THE TASK: Using the listing below, copy exactly each line from the one that has "Pip Crownberry, a" through the one that has "Pútnická bazilika Sonntagberg"; omit the pictures.

PROVIDED DATA:
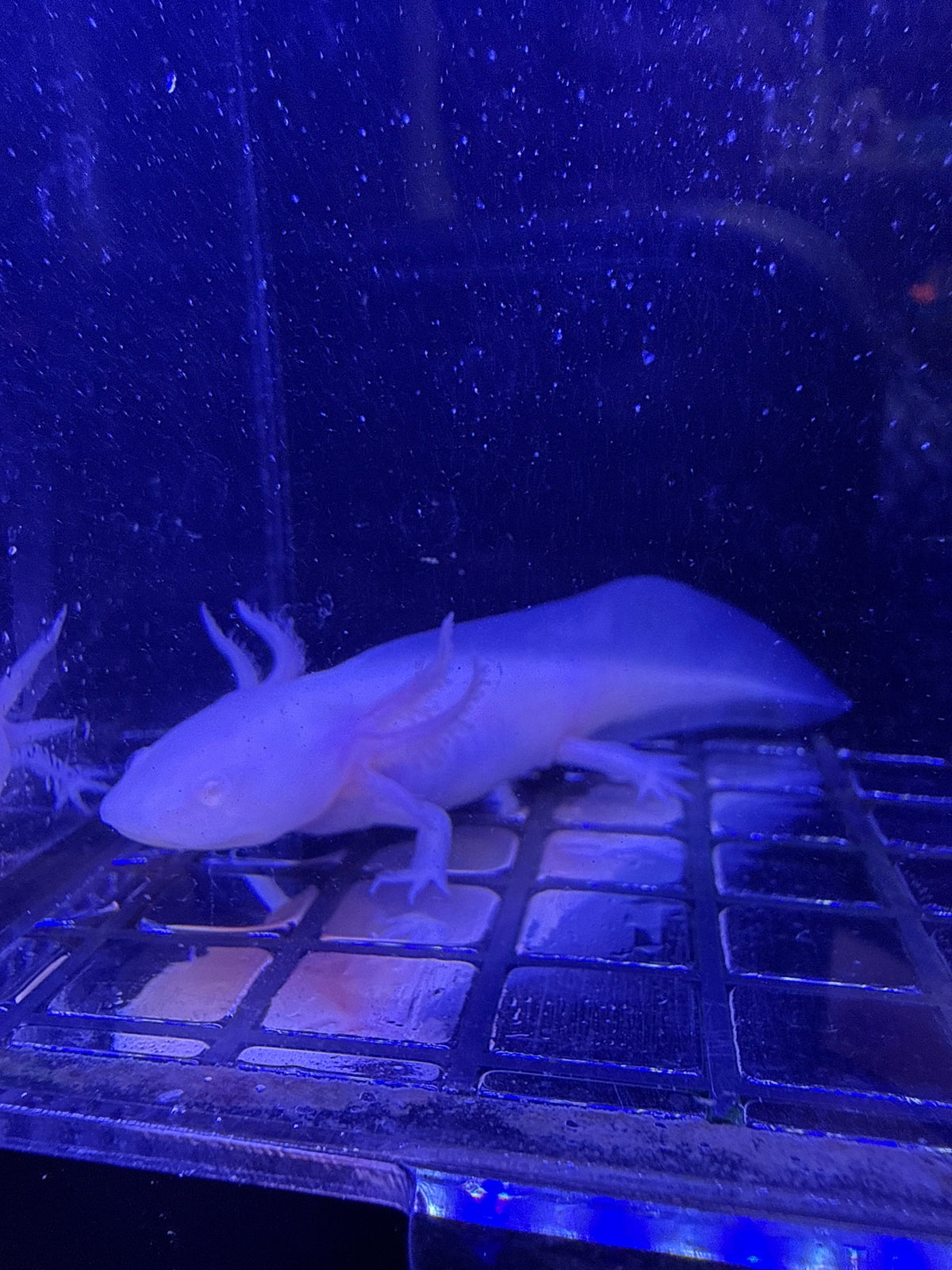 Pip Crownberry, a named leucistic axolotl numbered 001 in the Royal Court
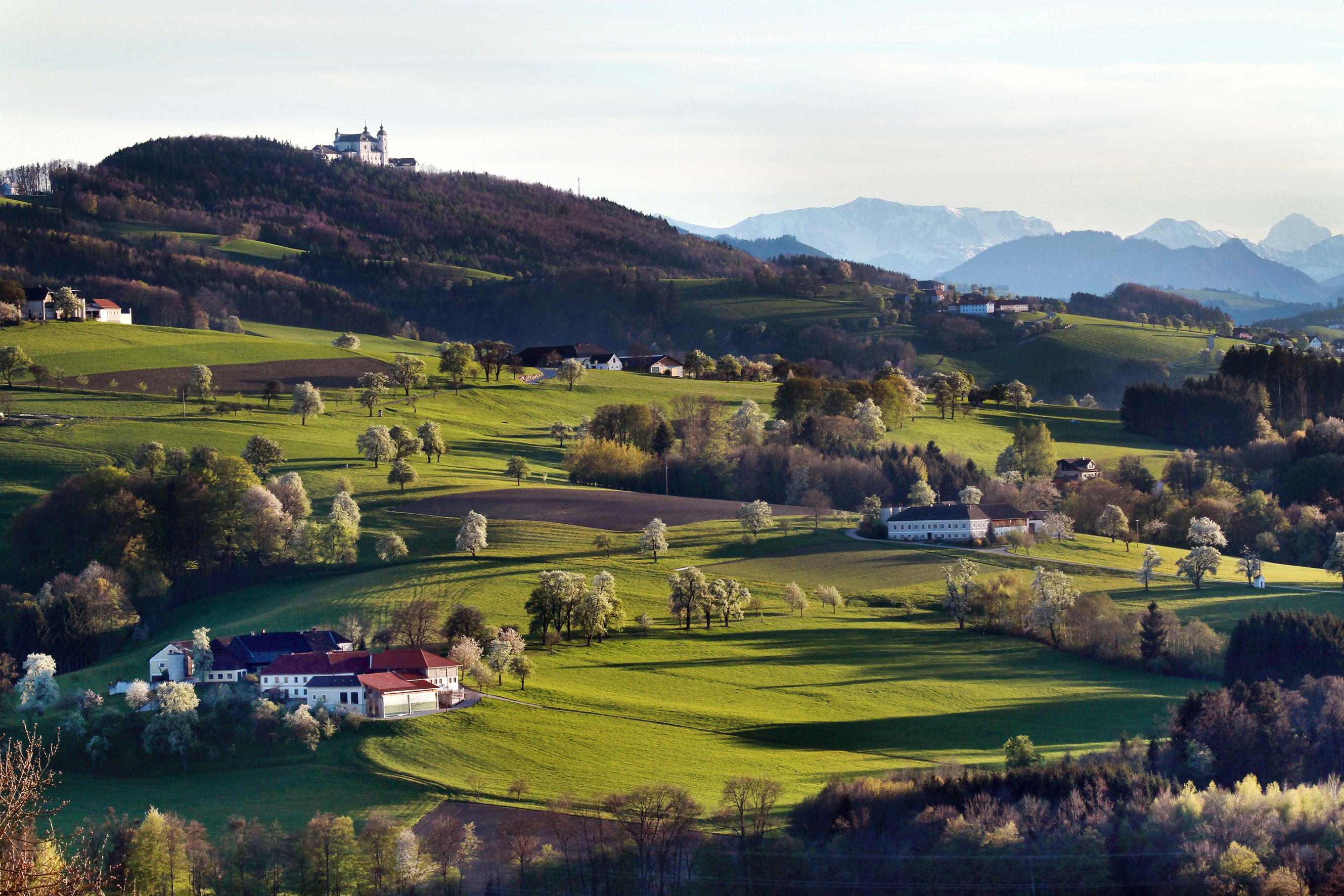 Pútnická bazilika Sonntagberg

---

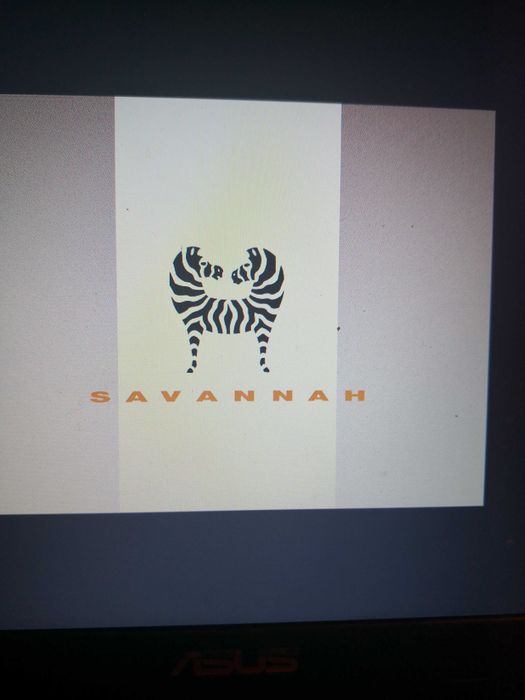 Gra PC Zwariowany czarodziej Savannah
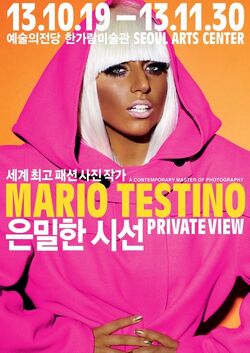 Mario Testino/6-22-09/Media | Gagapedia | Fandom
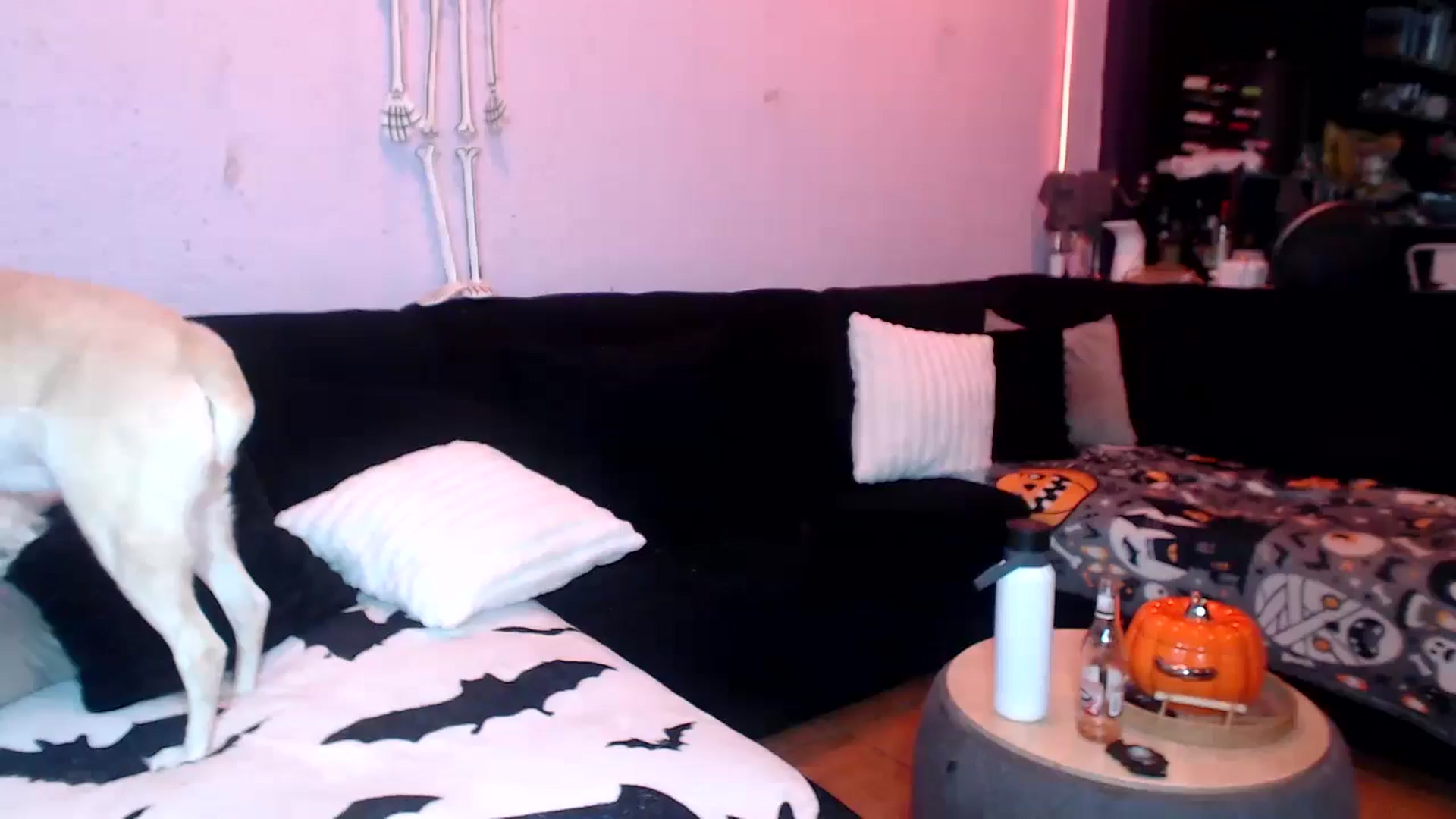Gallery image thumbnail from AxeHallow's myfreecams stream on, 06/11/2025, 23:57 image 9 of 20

RESPONSE:
 Pip Crownberry, a named leucistic axolotl numbered 001 in the Royal Court
 Pútnická bazilika Sonntagberg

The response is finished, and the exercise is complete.